I put a step response on the second order lowpass and the output I've printed below. As you can see the filter has an overshoot, which is very strange. I think there is something wrong with it.

0.292893
0.87868
1.12132
1.02082
0.979185
0.996429
1.00357
1.00061
0.999387
0.999895
1.00011
1.00002
0.999982
0.999997
1
1
0.999999
1
1
1
cesar-lopez-mar commented 2 years ago

Second order lowpass filters can have an overshoot, depending on the damping factor of the filter. I see the filter settles rather fast (especially compered to the dynamics of a physical robot), and it usually is there to filter noise and its input won't be step-like functions. So in my experience with this step response I would say there should not be issues during nominal operation. Have you noticed an issue on the vehicle behavior?
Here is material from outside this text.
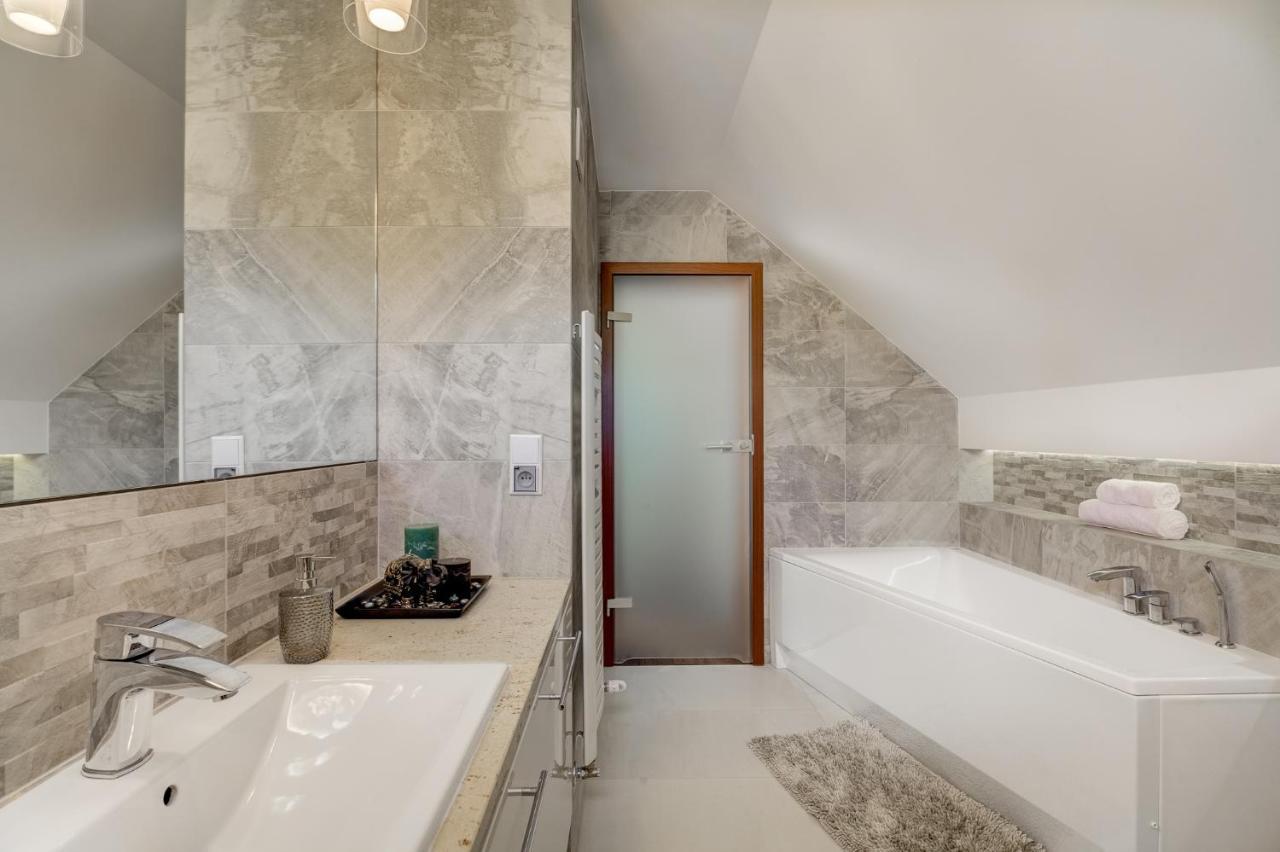 Apartament 7.0 Roztoka Wielka المظهر الخارجي الصورة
Rayman commented 2 years ago

When I calculate the step response of the critically damped second order lowpass I get this (1000Hz sampling, 50Hz cutoff): image

When I put the cutoff at 1/4 of the sampling frequency as the comment in the filter suggest, I still get this: image

cesar-lopez-mar commented 2 years ago

So it means the implemented LPF should be critically damped? We took that implementation from another code and did not make an exhaustive review. So either, there is a bug in the filter implementation, or it was intended not to be critically damped. In any case we should find the original equations and double check.